Farm Wisconsin Discovery Center

The Farm Wisconsin Discovery Center was focused on finding a way to tell that story in an exciting way. Not just through engaging interactive displays, but with realistic hands-on experience of the farming life. To deliver on this goal, Electrosonic provided a series of audio-visual experiences to give visitors an engaging immersive insight into the way agriculture works. Visitors can take an interactive journey from the farm to the table.

They can get up close and personal with a real live cow birth, experience farm work through simulations or follow food through a cow’s digestive system with a projection mapped exhibit. And visitors can use technology to find out how technology shapes agriculture.

Chicago Science and Industry Museum

Exhibit-goers begin by rediscovering the nature of energy in the dynamic Energy Garden area, where they can transform energy from one form to another via a series of electro-mechanical devices and immerse themselves in a short film that dramatically presents the story of energy in our world. Guests then convert their knowledge into action via a multi-player simulation game in which they design an energy-saving car, house, neighbourhood, transportation system and city power grid.

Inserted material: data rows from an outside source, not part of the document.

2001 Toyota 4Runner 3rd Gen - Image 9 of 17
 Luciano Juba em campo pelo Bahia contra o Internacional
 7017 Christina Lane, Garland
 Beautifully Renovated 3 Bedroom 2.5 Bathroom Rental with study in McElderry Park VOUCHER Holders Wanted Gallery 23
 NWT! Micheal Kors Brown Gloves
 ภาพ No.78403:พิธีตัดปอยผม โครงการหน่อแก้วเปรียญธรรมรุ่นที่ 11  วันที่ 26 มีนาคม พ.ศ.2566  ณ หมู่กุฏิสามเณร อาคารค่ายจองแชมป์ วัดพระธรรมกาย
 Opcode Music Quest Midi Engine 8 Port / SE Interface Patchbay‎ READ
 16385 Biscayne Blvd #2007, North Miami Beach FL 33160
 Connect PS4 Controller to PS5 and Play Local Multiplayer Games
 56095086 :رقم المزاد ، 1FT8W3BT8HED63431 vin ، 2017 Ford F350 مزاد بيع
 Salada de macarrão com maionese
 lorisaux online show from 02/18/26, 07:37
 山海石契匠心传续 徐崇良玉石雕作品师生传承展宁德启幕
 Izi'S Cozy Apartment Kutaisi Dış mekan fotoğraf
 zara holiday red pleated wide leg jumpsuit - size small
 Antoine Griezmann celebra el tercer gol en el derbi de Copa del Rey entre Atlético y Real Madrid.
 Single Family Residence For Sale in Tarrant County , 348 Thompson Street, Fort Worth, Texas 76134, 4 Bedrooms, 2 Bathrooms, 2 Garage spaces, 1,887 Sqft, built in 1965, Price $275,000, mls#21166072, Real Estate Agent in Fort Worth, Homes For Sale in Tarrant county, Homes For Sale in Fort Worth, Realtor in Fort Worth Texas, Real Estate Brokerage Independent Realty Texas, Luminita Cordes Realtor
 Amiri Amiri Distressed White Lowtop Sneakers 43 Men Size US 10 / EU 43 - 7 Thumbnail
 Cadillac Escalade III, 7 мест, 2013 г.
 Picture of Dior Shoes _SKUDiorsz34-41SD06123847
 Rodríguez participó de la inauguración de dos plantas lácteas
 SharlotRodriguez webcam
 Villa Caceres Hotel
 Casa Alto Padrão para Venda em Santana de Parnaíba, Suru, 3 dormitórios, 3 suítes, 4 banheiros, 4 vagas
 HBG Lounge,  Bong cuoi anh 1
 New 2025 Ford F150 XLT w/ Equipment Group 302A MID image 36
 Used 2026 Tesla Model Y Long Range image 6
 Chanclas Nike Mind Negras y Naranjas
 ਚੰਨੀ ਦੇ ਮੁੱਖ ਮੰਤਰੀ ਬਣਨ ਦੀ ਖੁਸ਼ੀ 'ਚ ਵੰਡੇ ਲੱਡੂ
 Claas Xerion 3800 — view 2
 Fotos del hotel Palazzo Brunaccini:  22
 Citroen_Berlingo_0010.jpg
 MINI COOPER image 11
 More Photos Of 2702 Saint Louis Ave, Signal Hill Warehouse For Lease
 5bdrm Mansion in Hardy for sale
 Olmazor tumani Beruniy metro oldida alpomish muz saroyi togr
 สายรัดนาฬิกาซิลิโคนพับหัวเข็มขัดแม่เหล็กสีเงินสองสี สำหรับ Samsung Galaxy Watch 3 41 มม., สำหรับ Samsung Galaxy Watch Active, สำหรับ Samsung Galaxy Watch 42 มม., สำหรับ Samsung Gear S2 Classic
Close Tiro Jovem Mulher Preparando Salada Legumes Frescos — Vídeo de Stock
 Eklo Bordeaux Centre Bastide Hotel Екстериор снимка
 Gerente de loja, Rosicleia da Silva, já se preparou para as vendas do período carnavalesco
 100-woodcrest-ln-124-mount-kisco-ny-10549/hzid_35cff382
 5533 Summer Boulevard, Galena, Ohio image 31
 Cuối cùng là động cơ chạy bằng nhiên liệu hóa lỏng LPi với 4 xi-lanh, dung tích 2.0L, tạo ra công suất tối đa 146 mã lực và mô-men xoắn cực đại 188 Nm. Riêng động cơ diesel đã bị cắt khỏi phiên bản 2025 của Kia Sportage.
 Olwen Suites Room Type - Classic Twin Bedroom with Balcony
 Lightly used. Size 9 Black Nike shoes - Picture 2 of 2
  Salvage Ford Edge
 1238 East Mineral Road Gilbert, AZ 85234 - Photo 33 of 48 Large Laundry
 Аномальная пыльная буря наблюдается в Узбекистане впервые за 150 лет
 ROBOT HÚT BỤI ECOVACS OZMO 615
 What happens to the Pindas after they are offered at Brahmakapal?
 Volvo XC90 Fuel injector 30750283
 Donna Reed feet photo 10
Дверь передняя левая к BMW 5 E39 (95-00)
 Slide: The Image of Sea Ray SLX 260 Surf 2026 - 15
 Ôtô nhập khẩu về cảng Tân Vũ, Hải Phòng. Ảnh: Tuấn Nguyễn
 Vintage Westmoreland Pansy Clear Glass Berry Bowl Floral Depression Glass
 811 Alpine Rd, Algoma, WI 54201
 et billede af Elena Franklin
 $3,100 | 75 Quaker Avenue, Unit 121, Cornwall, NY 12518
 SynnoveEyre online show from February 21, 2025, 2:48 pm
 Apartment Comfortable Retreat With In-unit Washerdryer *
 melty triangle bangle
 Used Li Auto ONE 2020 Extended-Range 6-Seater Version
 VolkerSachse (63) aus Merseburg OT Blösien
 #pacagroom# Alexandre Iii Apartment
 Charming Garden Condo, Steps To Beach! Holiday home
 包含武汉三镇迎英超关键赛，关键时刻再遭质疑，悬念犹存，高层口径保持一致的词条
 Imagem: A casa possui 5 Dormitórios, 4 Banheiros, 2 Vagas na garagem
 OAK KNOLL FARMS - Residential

Future Power illustrates the need for a smart mix of energy on a round table with three overhead Panasonic projectors, while the Future Transportation game is laid out on a polygonal table with two overhead projectors above. Future Car invites guests to design a new vehicle by video mapping images from Panasonic overhead projectors onto a trio of small three-dimensional car models. All of the overhead projectors feature gesture recognition. A 24 by 8-foot scoreboard keeps track of the teams’ interactive gameplay; a pair of edge-blended Barco 3-chip DLP projectors and Tannoy speakers display the scores and announce the winners.

National September 11 Museum

The first exhibition visitors see as they enter the galleries at the National September 11 Museum is ‘We Remember’ which features recollections of people around the world as September 11, 2001, dawned. Six large, vertical screens are staggered down a 60-foot ramp; a portion of a world map is projected on each of the six screens, such that, at the top of the ramp it appears to be one cohesive map. Digital Projection projectors with mirror mounts display the content, while 16 ceiling-mounted Atlas speakers recount, in multiple languages, where people were on that fateful day.